Map Reduce is an application for performing analysis on very large data sets. I will give a brief explanation of what Map Reduce does conceptually and then give an example. The Map Reduce application takes three inputs. The first input is a map (note lower case). A map is a data structure, sometimes called a dictionary. A tuple is a pair of values and a map is a set of tuples. The first value in a tuple is called the key and the second is called the value. Each key in a map is unique. The second input to Map-Reduce is a Map function (note upper case) . The Map function takes as input a tuple, (k1, v1) and produces a list of tuples (list(k2, v2)) from data in its input. Note that the list may be empty or contain only one value. The third input is a Reduce function. The Reduce function takes a tuple where the value is a list of values and returns a tuple. In practice it reduces the list of values to a single value.

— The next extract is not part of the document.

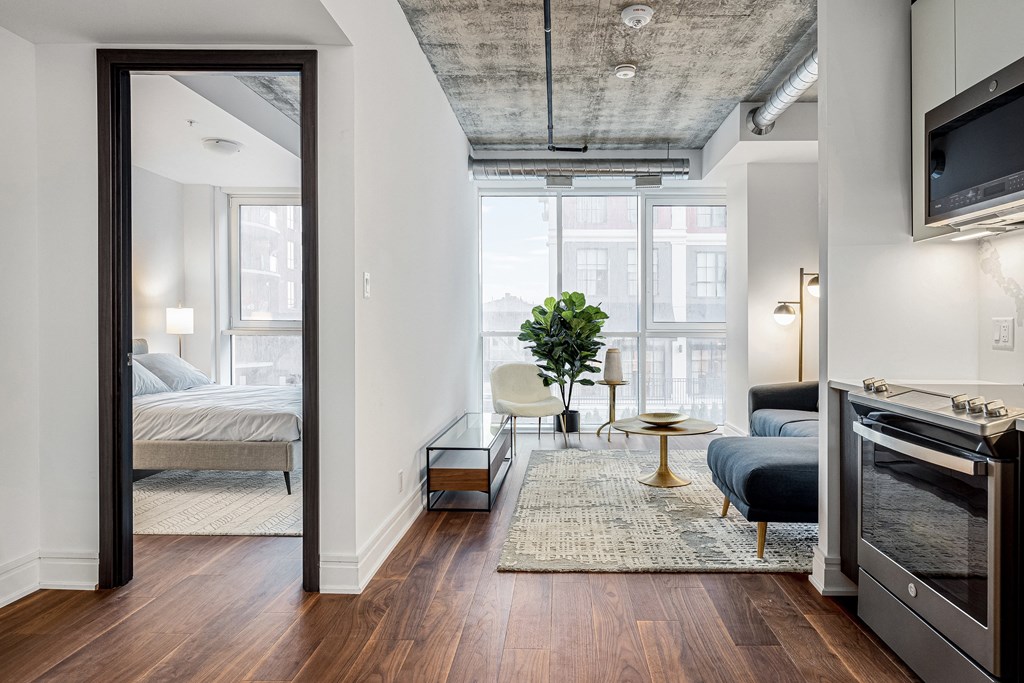 a bedroom with a bed and a tv in a room with hardwood floors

The Map Reduce application takes the input map and applies the Map function to each tuple in that map. We can think of it creating an intermediate result that is a single large list from the lists produced by each application of the Map function:
{ Map(k1, v1) } -> { list(k2, v2) }
Then for each unique key in the intermediate result list it groups all the corresponding values into a list associated with the key value:
{ list(k2, v2) } -> { (k2, list(v2)) }
Finally it goes through this structure and applies the Reduce function to the value list in each element:
{ Reduce(k2, list(v2)) } -> { (k2, v3) }
The output of Map Reduce is a map.

Now for an example. In this application we are going to take the World Wide Web and for each web page count the number of other domains that reference that page. A domain is the part of a URL between the first two sets of slashes. For example, the domain of this web page is "www.bandb.blogspot.com". A web page is uniquely identified by its URL, so a URL is a good key for for a map. The data input is a map of the entire web. The key for each map element is the URL of the page, and the value is the corresponding web page. Now I know that this is a data structure on a scale that is difficult to imagine, however this is the kind of data that Google has to process to organize the worlds information.

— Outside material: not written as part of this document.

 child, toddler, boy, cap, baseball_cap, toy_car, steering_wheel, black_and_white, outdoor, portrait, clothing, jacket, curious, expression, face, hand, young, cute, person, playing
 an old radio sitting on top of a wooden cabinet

The Map function takes the URL, web page pair and adds an element to its output list for every URL that it finds on the web page. The key in the output list is the URL found on the web page and the value is the domain from the key value in the input URL. So for example, on this page, our Map function finds the link to the Google paper on Map Reduce and adds to its list of outputs the tuple ("research.google.com/archive/mapreduce.html", "www.bandb.blogspot.com"). Map-Reduce reorganizes its intermediate data so that for each URL it collects all the domains that reference that page and stores them as a list. The Reduce function goes through the list of domains and counts the number of different domain values that it finds. The result of Map-Reduce is a map where the key is a URL and the value is a number, the number of other domains on the web that reference that page.

While this example is invented, Google reports that they use a set of 5 to 10 such Map-Reduce steps to generate their web index. The point of Map Reduce is that a user can write a couple of simple functions and have them applied to data on a vast scale.

1 comment:

alex_woods said...

I agree. I think there is this strange warping of thinking just because there is, currently, no such thing as a petabyte database. I don't agree that Google has the best solution.